Law enforcers survey an electrical substation in West End following the Dec. 3 attacks on the county’s power grid. John Nagy/The Pilot


Staff Writer

More than two months after two power substations were attacked in Moore County, federal investigators are adding to the pot of reward money for information leading to an arrest.

The FBI Charlotte field office has announced it is now offering up to $25,000 for any information that leads to an arrest in two different North Carolina substation attacks.

The FBI is currently investigating the Dec. 3 attacks in Moore County that left approximately 45,000 Duke Energy customers without power for four days along with a shooting that occurred in Randolph County that damaged an EnergyUnited substation Jan. 17. There was no significant power disruption in the second attack.

“Agents are continuing to work with the Moore County Sheriff’s Office and the Randolph County Sheriff’s Office on the cases,” a news release from the FBI said. “At this time, investigators do not believe the shootings in Moore and Randolph counties are connected.”

Shelley Lynch, a public affairs specialist for the FBI’s Charlotte Division, said that rewards are a standard part of ongoing investigations.

“If we believe a reward may prompt someone to come forward with information, we will offer one,” she said.

A $75,000 reward was posted jointly by the Moore County Sheriff’s Office, the state and county governments days after the attack in December. The reward is for anyone who can provide information “leading to the arrest and conviction of the person or persons responsible” of the attacks to the West End and Carthage substation sites.

Anyone with information should call the Moore County Sheriff’s Office at 910-947-4444, or contact the FBI at 1-800-CALL FBI or tips.fbi.gov.

“There’s still folks out there that know what’s happening. It’s just a matter of if they are willing to come forth and give us the information,” Moore County Sheriff Ronnie Fields said last month.

The new reward money came shortly before the FBI announced the arrests of two individuals believed to be plotting a similar attack on electrical infrastructure in Maryland.

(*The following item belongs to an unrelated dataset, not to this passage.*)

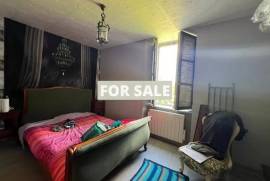 Town House in Good Order with Garden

According to reporting Monday in The New York Times, federal officials arrested two people accused of conspiring to “completely destroy Baltimore” in what they described as a racist plot to demolish the power grid in the predominantly Black city.

Authorities arrested Sarah Clendaniel, 27, of Catonsville, Md., and Brandon Russell, 34, of Orlando, Fla., and say they had planned to inflict “maximum harm” by targeting five facilities operated by Baltimore Gas and Electric, which serves 1.2 million customers in central Maryland, according to a complaint filed in federal court.

Investigators have said, for now, they do not think the two are connected to the attacks in North Carolina or other states. According to officials, Russell is a founding member of a neo-Nazi group called the Atomwaffen Division that discussed targeting electrical and nuclear facilities in Florida in 2017. He was released last August from federal prison after a conviction for bomb making.

“Russell provided instructions and location information,” Thomas J. Sobocinski, the special agent in charge of the F.B.I.’s field office in Baltimore, said at a news conference. “He described attacking the power transformers as the greatest thing somebody can do.”

Clendaniel boasted that she wanted to “completely lay this city to waste,” Sobocinski said, adding that local, state and federal law enforcement agencies disrupted the plot before it could be carried out.

Atomwaffen has been linked to a series of violent episodes. In 2020, federal prosecutors charged five members of the group with engaging in a campaign to intimidate and harass journalists and others, including a member of then-President Donald Trump’s cabinet, a university and a church.